◆ Your goal
Below are some records. Retype exactly the lines from the one containing "Miniatura: Imparo e" through the one containing "Jungle Jackpot War Paint Case", both included, skipping every picture.

◆ Provided material
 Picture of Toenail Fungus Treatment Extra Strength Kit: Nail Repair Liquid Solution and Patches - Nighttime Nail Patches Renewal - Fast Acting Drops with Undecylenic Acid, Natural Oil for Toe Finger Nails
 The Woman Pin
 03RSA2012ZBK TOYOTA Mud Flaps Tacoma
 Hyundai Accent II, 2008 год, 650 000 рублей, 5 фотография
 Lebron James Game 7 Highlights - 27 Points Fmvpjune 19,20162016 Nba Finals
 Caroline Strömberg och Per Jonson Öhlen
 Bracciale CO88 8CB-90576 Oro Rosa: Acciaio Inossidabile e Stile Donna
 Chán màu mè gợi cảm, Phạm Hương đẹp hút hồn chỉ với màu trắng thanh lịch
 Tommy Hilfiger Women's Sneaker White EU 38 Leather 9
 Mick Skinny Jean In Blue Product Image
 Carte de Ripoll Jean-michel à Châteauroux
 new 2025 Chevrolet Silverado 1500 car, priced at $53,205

==

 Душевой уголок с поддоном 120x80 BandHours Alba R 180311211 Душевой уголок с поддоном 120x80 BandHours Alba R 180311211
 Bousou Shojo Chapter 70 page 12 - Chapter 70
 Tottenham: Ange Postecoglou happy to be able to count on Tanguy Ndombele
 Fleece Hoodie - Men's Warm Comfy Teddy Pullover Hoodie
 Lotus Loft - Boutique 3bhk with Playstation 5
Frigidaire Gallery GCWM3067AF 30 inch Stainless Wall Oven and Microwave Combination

* * *

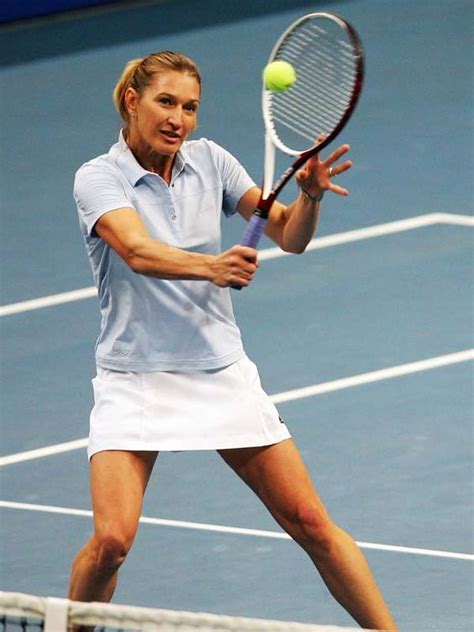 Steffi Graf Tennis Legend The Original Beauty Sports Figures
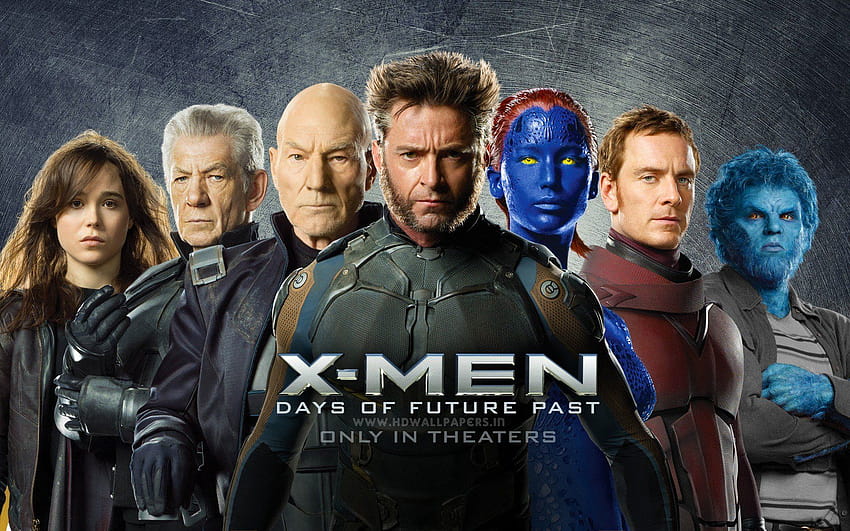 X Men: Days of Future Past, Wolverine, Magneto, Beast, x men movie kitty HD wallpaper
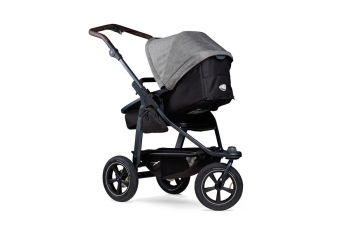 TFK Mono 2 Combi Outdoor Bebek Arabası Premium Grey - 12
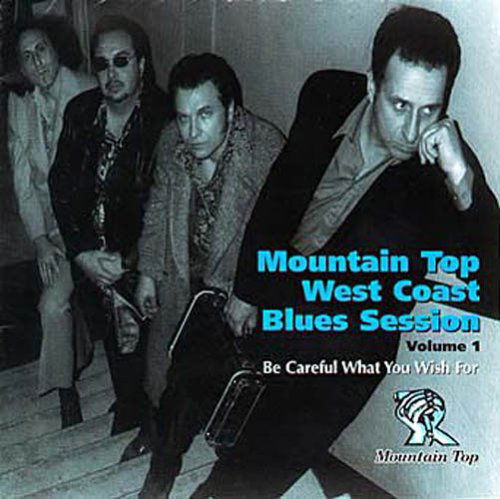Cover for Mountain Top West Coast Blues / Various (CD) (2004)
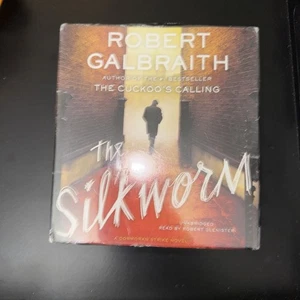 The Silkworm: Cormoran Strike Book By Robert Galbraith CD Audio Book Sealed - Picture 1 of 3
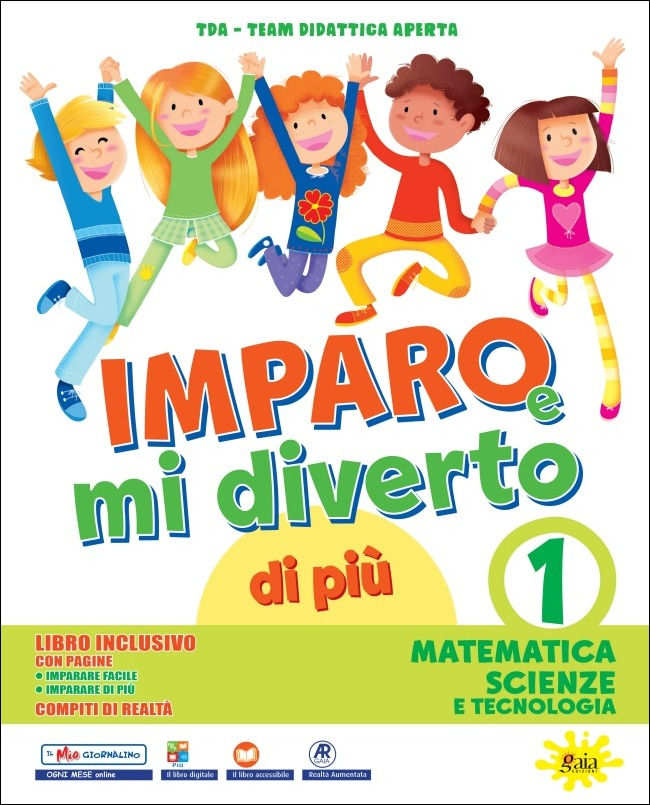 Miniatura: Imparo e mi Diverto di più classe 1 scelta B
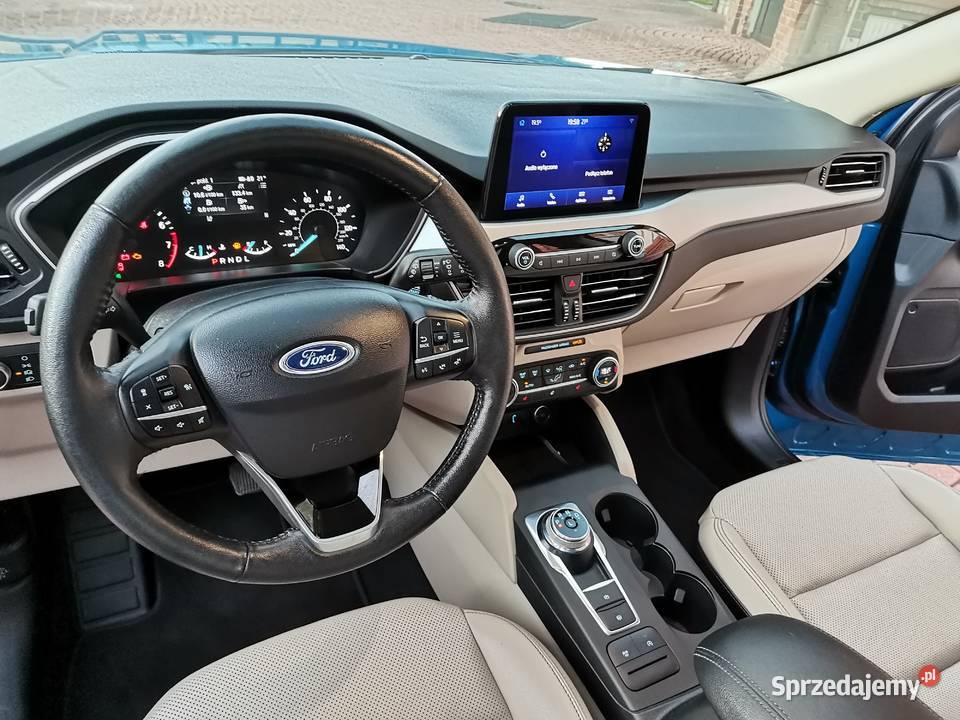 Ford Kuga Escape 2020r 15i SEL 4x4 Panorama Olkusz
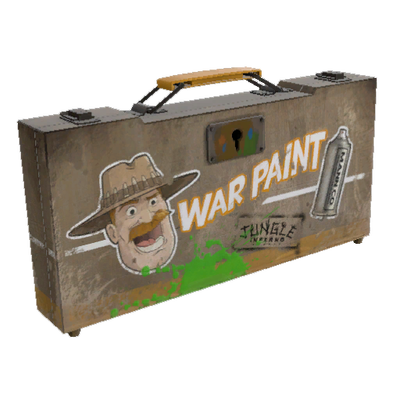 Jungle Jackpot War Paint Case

◆ Output below
 Miniatura: Imparo e mi Diverto di più classe 1 scelta B
 Ford Kuga Escape 2020r 15i SEL 4x4 Panorama Olkusz
 Jungle Jackpot War Paint Case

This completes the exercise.